**PROBLEM**
Each line below must be transcribed exactly, and no picture may appear in the transcription.

**MATERIAL FOR THE TASK**
= = =
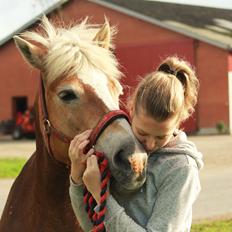 Haflinger Waldfurstir (Waldie)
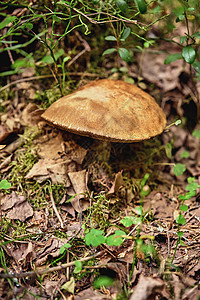 森林中实地蘑菇的近视 故意模糊不清以及公园植物地衣松树木头苔藓宏观锥体生长植物学图片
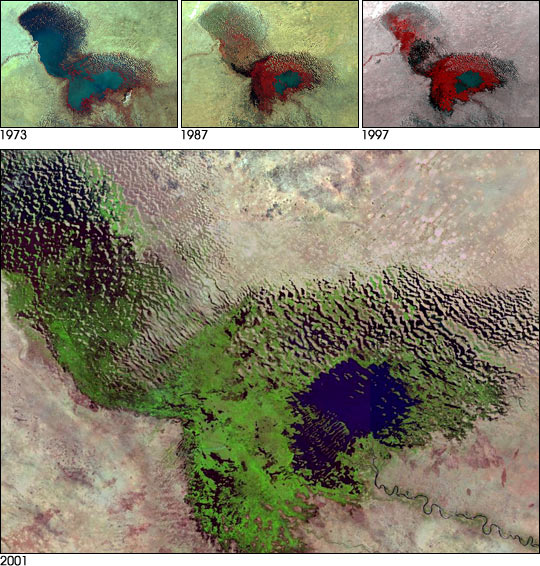 Lake Chad in a 2001 satellite image, with the actual lake in blue, and vegetation on top of the old lake bed in green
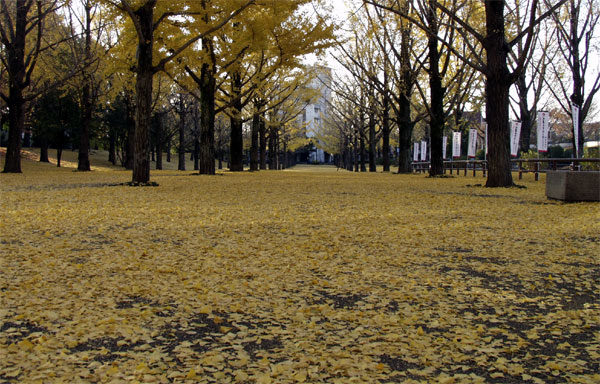 Ginkgo Trees at the Front Yard of Pref. Building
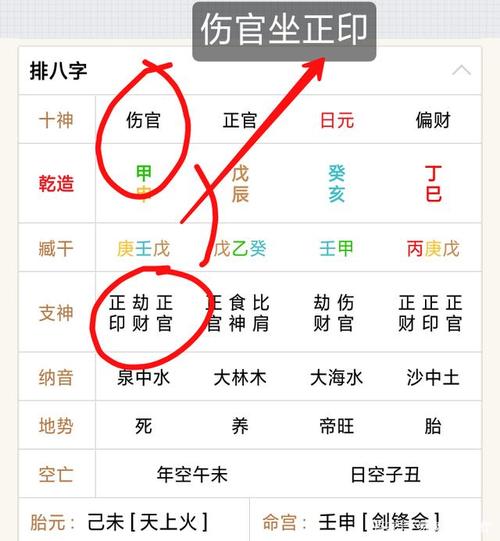 四柱年柱《伤官坐印》六亲寓意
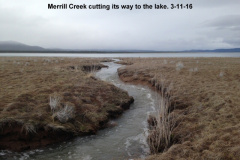 Merrill-Creek-cuting-its-way-to-the-lake-3-11-16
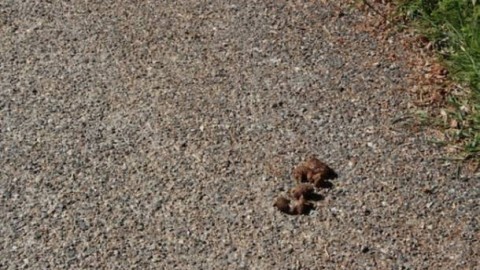 Una campagna contro l'abbandono delle cacche dei cani – Varese News
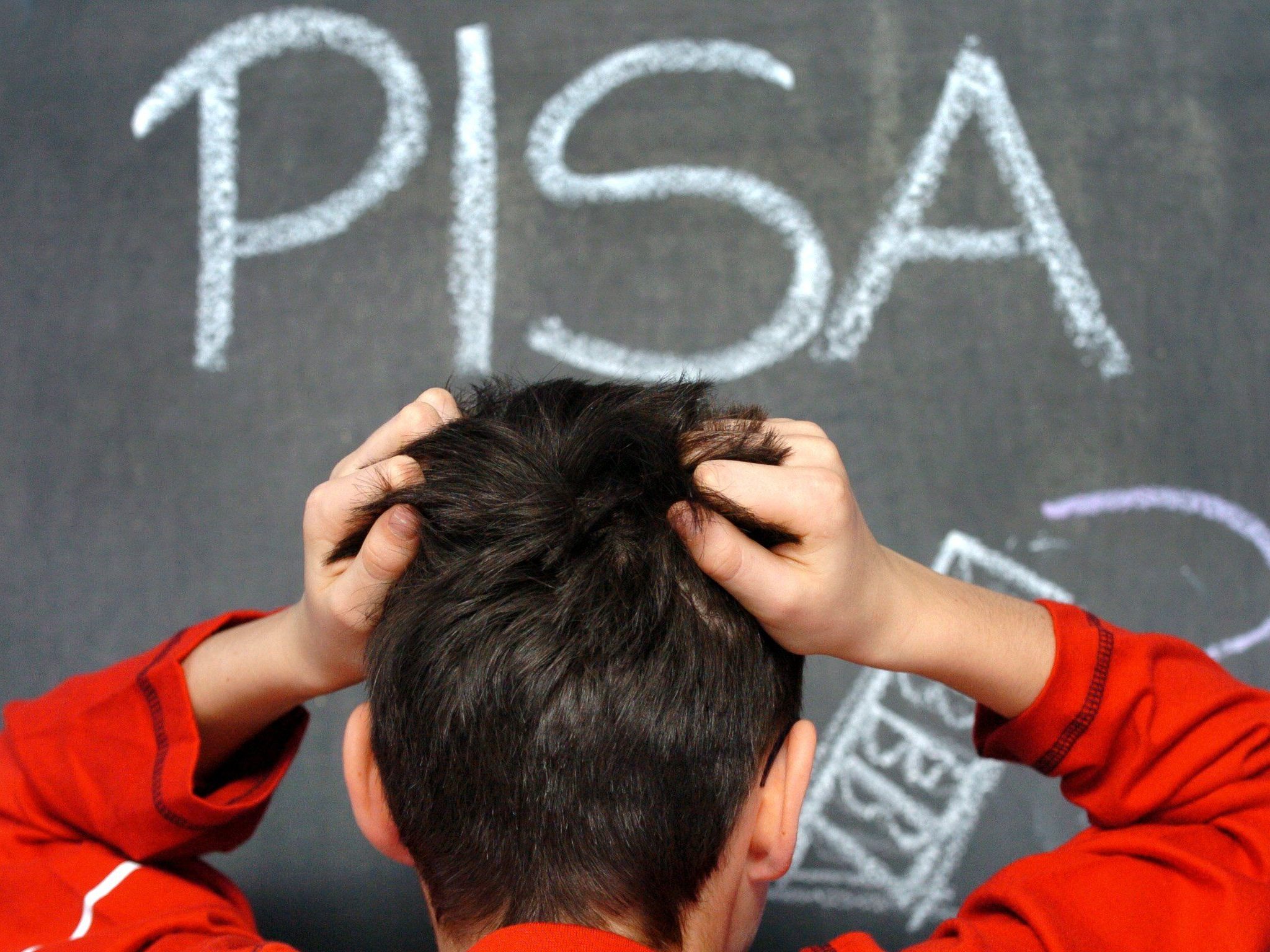 Bei PISA steht nicht das Faktenwissen im Vordergrund, sondern die Anwendung bestimmter Kompetenzen auf praxisnahe Aufgaben.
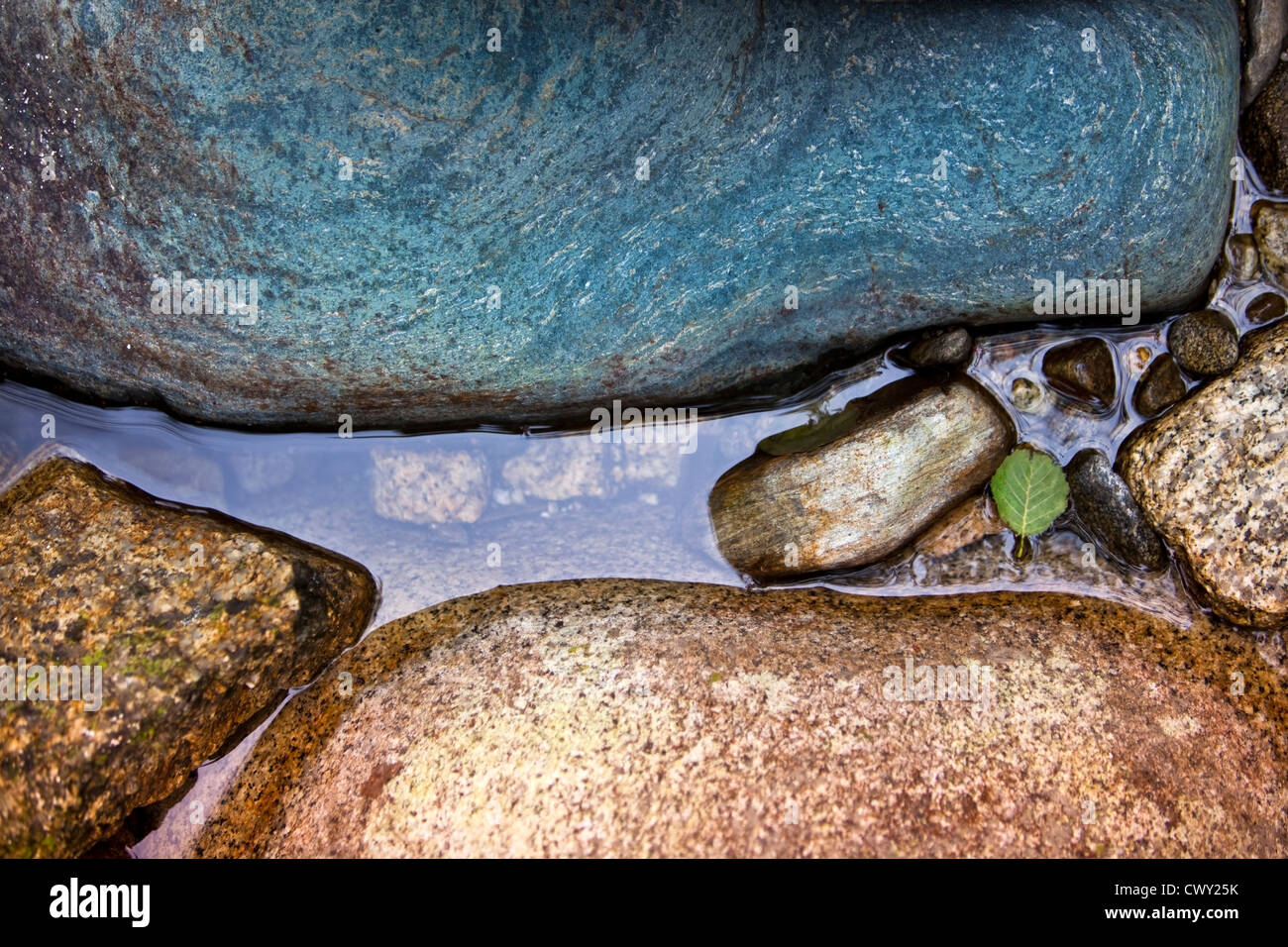 Körper des Wassers zwischen sanften Farbsteine mit einem winzigen grünen Blatt. Stockfoto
= = =
**OUTPUT FOR THIS TASK**
 Haflinger Waldfurstir (Waldie)
 森林中实地蘑菇的近视 故意模糊不清以及公园植物地衣松树木头苔藓宏观锥体生长植物学图片
 Lake Chad in a 2001 satellite image, with the actual lake in blue, and vegetation on top of the old lake bed in green
 Ginkgo Trees at the Front Yard of Pref. Building
 四柱年柱《伤官坐印》六亲寓意
 Merrill-Creek-cuting-its-way-to-the-lake-3-11-16
 Una campagna contro l'abbandono delle cacche dei cani – Varese News
 Bei PISA steht nicht das Faktenwissen im Vordergrund, sondern die Anwendung bestimmter Kompetenzen auf praxisnahe Aufgaben.
 Körper des Wassers zwischen sanften Farbsteine mit einem winzigen grünen Blatt. Stockfoto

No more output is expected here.